### WHAT THE TASK REQUIRES
Copy the data verbatim and leave out every picture.

### Stored items
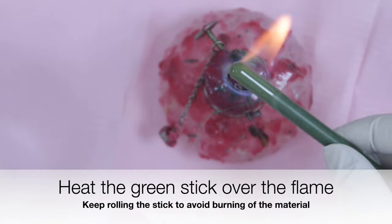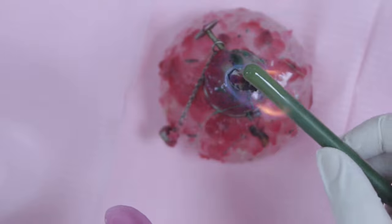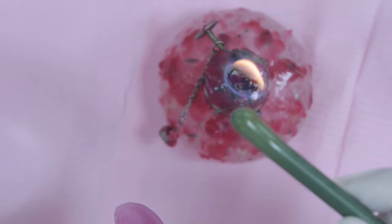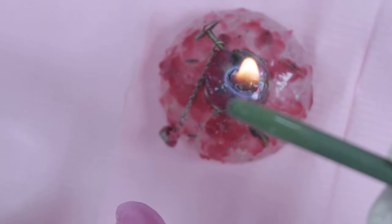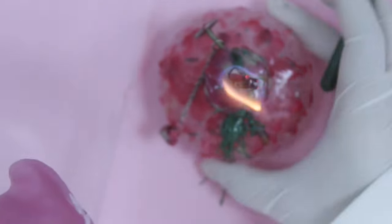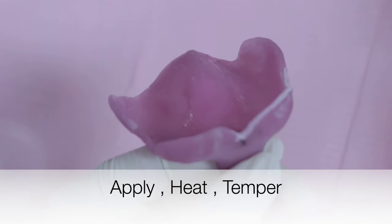Low fusing impression compound, or green stick, is the material of choice for border molding. The material is heated over a direct flame. Once you see that the material has become glossy and has dropped slightly, it's ready to be loaded on the tray. The material is applied incrementally to the tray borders.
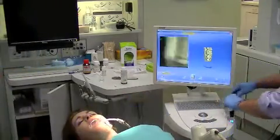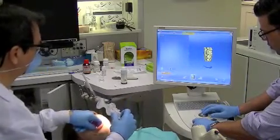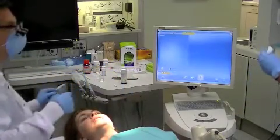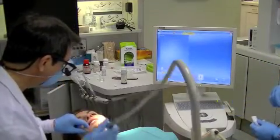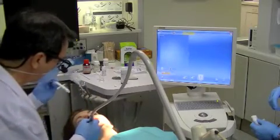Very smooth, very easy. Now we can go ahead and do a couple bites. We're going to do that without the suction in. We're going to bite together. This is to get the teeth together. That's the last picture we need.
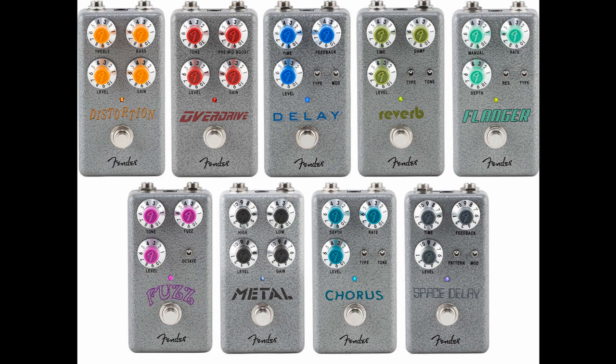Fender launches affordable Hammertone range of pedals. Welcome to Music Gears, where we bring you the latest info on new music instruments, software, and other gear from around the world. As part of its huge 2022 product launch, Fender has introduced a new range of effects pedals.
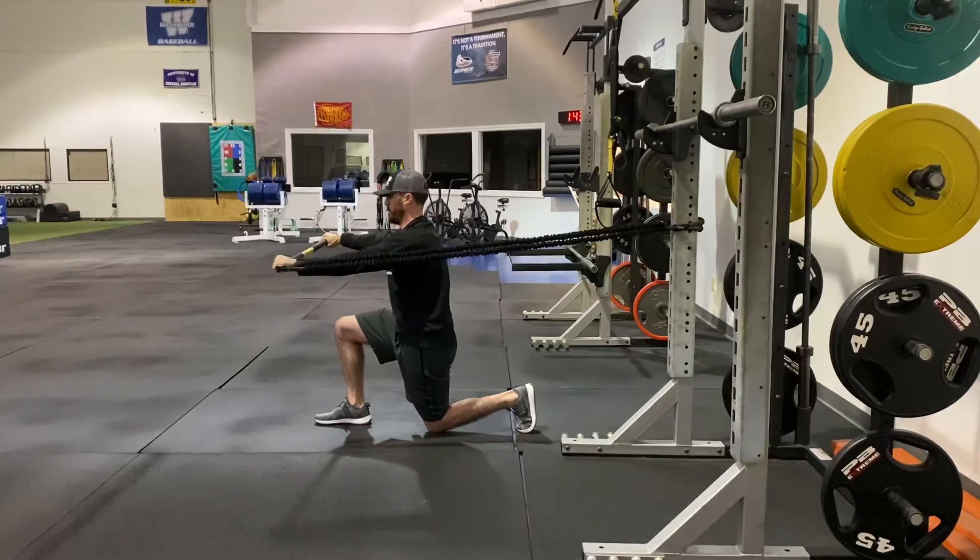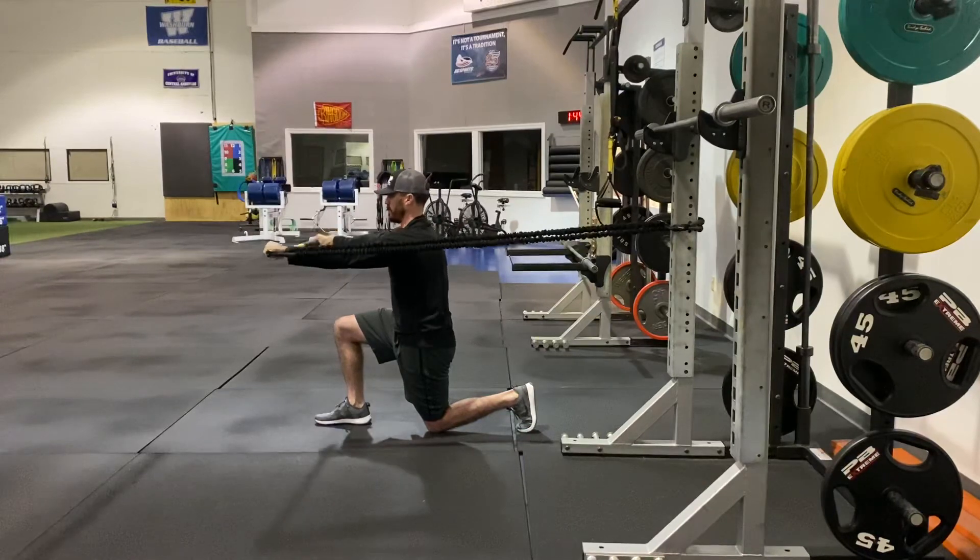Make sure to exhale through. Anytime guys hold their breath through it, you're in that fight-or-flight mode, and it's going to be even harder to get your lats to tone off. So we always try to integrate good breathing with any exercise we're doing.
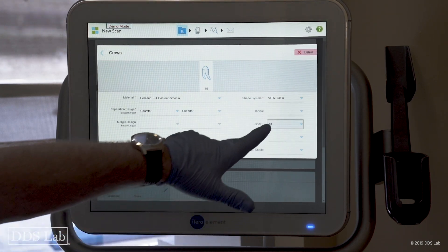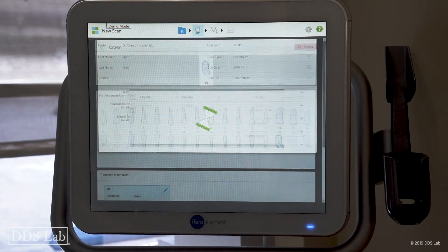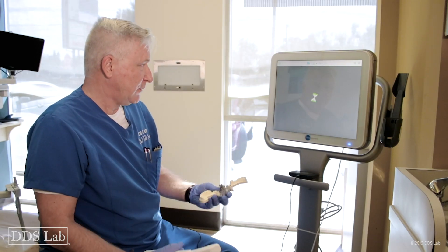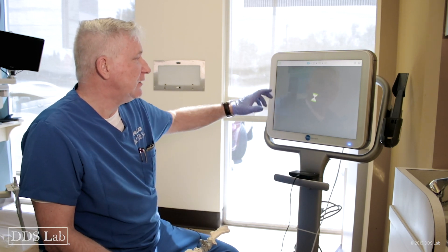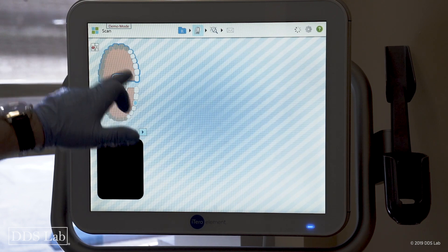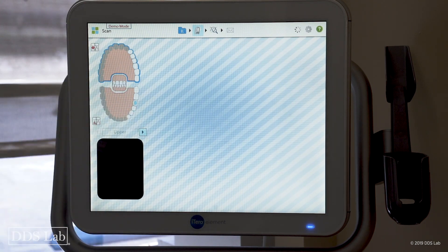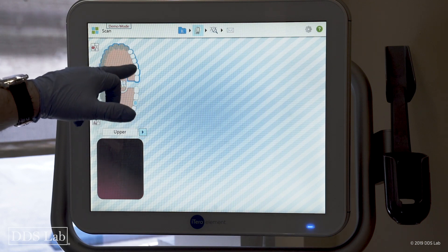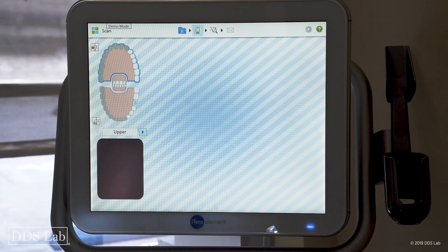I'm going to choose the material: full zirconia, chamfer. We've filled out the shade, and now I'm going to go ahead into the scan section. I'm going to start scanning the opposing arch first, which is already illustrated right here. Everything I see in white is what the computer wants me to scan.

### RESPONSE FOR THIS EXERCISE
Low fusing impression compound, or green stick, is the material of choice for border molding. The material is heated over a direct flame. Once you see that the material has become glossy and has dropped slightly, it's ready to be loaded on the tray. The material is applied incrementally to the tray borders.
Very smooth, very easy. Now we can go ahead and do a couple bites. We're going to do that without the suction in. We're going to bite together. This is to get the teeth together. That's the last picture we need.
Fender launches affordable Hammertone range of pedals. Welcome to Music Gears, where we bring you the latest info on new music instruments, software, and other gear from around the world. As part of its huge 2022 product launch, Fender has introduced a new range of effects pedals.
Make sure to exhale through. Anytime guys hold their breath through it, you're in that fight-or-flight mode, and it's going to be even harder to get your lats to tone off. So we always try to integrate good breathing with any exercise we're doing.
I'm going to choose the material: full zirconia, chamfer. We've filled out the shade, and now I'm going to go ahead into the scan section. I'm going to start scanning the opposing arch first, which is already illustrated right here. Everything I see in white is what the computer wants me to scan.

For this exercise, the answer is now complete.